Tuer pour se nourrir, tuer le strict nécessaire et ne pas gaspiller inutilement des vies. Les animaux observent cette règle. Notre espèce s’y refuse.

Qu’y a-t-il de plus odieux que les étals de charcuterie ou de boucherie débordant de viandes de toutes sortes, ces chairs au bord du pourrissement que les magasins « ré-emballent » en toute impunité avec des dates de péremption nouvelles et des prix cassés ?

« A long terme, bien sûr, nos débats intellectuels sur la dichotomie entre l’écologie et la consommation destructive seront obsolètes : la Terre nous survivra. »

 Durant quelques années Dan O’Brien a travaillé à la réintroduction du faucon pèlerin dans les montagnes Rocheuses pour le compte de la Peregrine Fund Inc., association à but non lucratif créée en 1970.

En 1986, une dernière réintroduction échoue lamentablement. Trois des quatre faucons sujets de la dernière expérimentation sont mortellement blessés par des aigles royaux. Seule la femelle Dolly survit à ce massacre, pourtant inscrit dans la nature.

Révolté, Dan O’Brien décide d’apprendre à Dolly à retrouver son essence-même, sa sauvagerie naturelle et  devenir un faucon pèlerin libre, apte à se nourrir.

Il va ainsi lui montrer la route migratoire vers le Golfe du Mexique. Il accompagne Dolly et nous les suivons.  De  rivières en étangs,  des Grandes Prairies aux plaines brûlées, par monts et par vaux, Dolly et O’Brien poursuivent leur rêve de liberté.

L’écrivain biologiste nous entraîne dans ce périple initiatique au cours duquel il nous livre certains de ses choix personnels :

« Si l’on faisait abstraction des quelques clôtures et des poteaux électriques, nous aurions pu vivre un siècle plus tôt. Le paysage offrait une vue infinie. La vieille maison branlante se nichait au cœur des grandes prairies d’Amérique ». C’est chez lui, au pied des Black Hills du Dakota.

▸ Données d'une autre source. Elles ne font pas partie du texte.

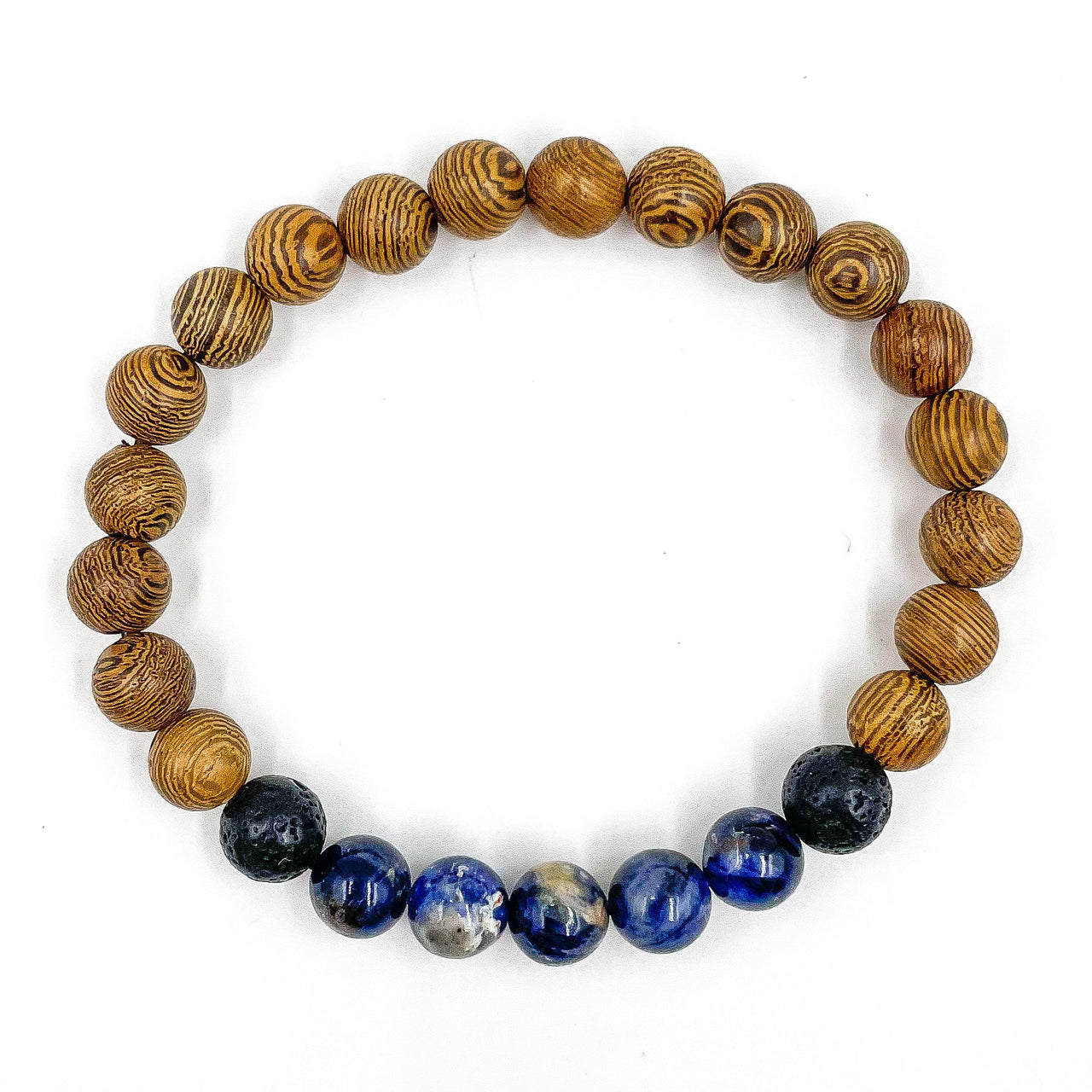 Kingston - Blue Sodalite & Zebrawood -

Il nous livre également ses remarques sur la nature des  hommes ; elles sont empreintes d’amertume

« Et pourtant, nous persistons. S’appuyant sur la première page de la Bible qui déclare l’homme supérieur à tout ce qui l’entoure, les humains ont investi le Llano avec l’ordre divin d’en assujettir les sols. Poussés par la croyance que la terre fut créée pour leur unique consommation, ils luttent contre la Nature depuis le commencement ».

… et teintées de désillusion :

« Nous refusons de regarder en face le fait que notre capitalisme engendre le matérialisme et la dynamique glaciale de la surpopulation humaine. ».

« Rites d’automne » est l’oeuvre d’un homme modeste et compétent. De lecture agréable grâce à un style simple, direct et efficace, ce livre aux multiples observations et fines remarques est une source de réflexion pour chacun d’entre nous. Il ne peut nous laisser indifférent.